The effects obtained by typical aspects of the invention disclosed in the present application will be briefly described as follows.

(1) Due to the effects of the flag memory and the block coded data memory, coded data including all portions changed from the time of refreshing to the current frame is output to each frame. Even if a frame is dropped, the data of the subsequent frame is not disturbed.

(2) Since the number of blocks that enter the rewrite mode or the copy mode between refreshes is small, the increase in the code amount is small.

(3) Since only one frame memory is required for the decoder, the configuration of the decoder is simplified.

(4) In the copy mode, since it is not necessary to access the frame memory, the processing amount is greatly reduced.

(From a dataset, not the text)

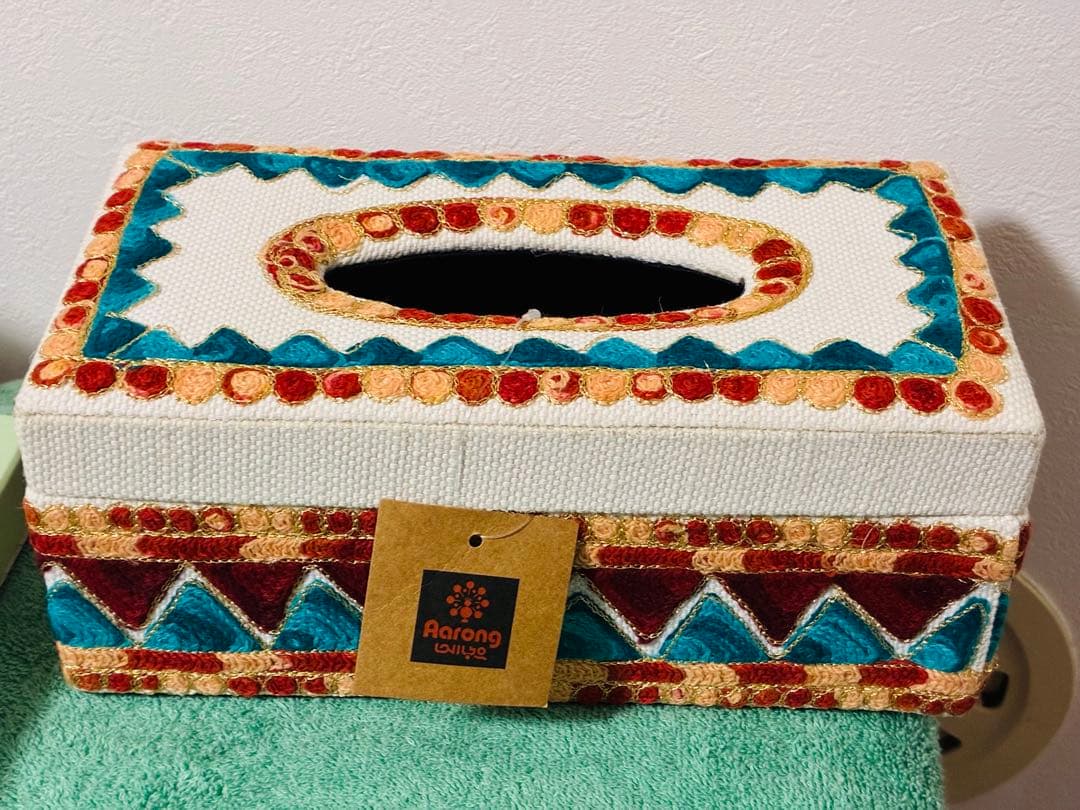 刺繍入りティッシュボックスカバー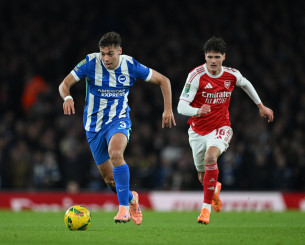 Ο Κωστούλας έκοψε, ο Τζίμας δημιούργησε και η Μπράιτον παραλίγο να ανοίξει το σκορ στο Emirates (videos) Ο Κωστούλας έκοψε, ο Τζίμας δημιούργησε και η Μπράιτον παραλίγο να ανοίξει το σκορ στο Emirates (videos)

(5) Even if a frame is dropped, a stable output image (an image following the frame drop can be normally reproduced) can be output, so that the decoding process can be lightened.

[Brief description of the drawings]

FIG. 1 is an explanatory diagram for explaining an embodiment of a free frame dropping moving picture encoding method according to the present invention.

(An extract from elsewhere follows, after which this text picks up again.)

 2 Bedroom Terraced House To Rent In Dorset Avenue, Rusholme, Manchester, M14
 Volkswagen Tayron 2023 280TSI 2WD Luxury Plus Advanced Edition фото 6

FIG. 2 is a block diagram showing a functional configuration of one embodiment of an apparatus (apparatus including a computer) for executing the free frame dropping moving picture encoding method of the present embodiment.

FIG. 3 is a diagram for explaining the concept of free drop encoding.

FIG. 4 is a diagram for explaining a case where free dropout encoding is required.

[Explanation of symbols]

11: block dividing unit, 12: frame counter, 13
... Mode deciding unit, 14 ... Image memory, 15 ... Block decoding unit, 16 ... Block encoding unit, 17 ... Flag memory,
18: block coded data memory, 19: multiplexing unit,
21: separation unit, 22: block decoding unit, 23: image memory, 30: frame drop unit.

Claims (1)

(57) [Claims] 1. An input image is divided into rectangular blocks, and for each block, a rewrite mode in which an image of the block is encoded or a copy mode in which a block at the same position in a previous frame is used as the block is determined. Then, a code indicating whether the mode of the block is the rewrite mode or the copy mode is output, coded data is output for the block in the rewrite mode, and all blocks are always set in the rewrite mode at regular intervals (refresh). In a moving picture coding method for coding, a mode flag indicating a rewrite mode or a copy mode is accumulated for one frame in each block in a flag memory, and coded data generated in the rewrite mode is stored in a block coded data. One frame for each block is stored in the memory, and at the end of a certain period (refresh) When the flag memory is cleared in the copy mode and thereafter enters the rewrite mode until the next fixed cycle (refresh), it is retained, and in the rewrite mode, the coded data of the block is stored in the block coded data memory. The contents of the flag memory are sequentially read out for each block, a code indicating the contents is output in the copy mode, and the code indicating the contents is output in the rewrite mode, and the contents of the block coded data memory of the corresponding block are output. The flag memory is cleared in the copy mode at the end of a fixed period (refresh), and thereafter, at the next fixed period (refresh), a code indicating the output is output to create an encoded data stream. The encoded data for the cycle (refresh) is always transmitted and decoded, and the ) Except the coded data, transmission, or appropriate to the missing data by the state of the decoding process, universal frame dropping video encoding method characterized by omitting the decoding process.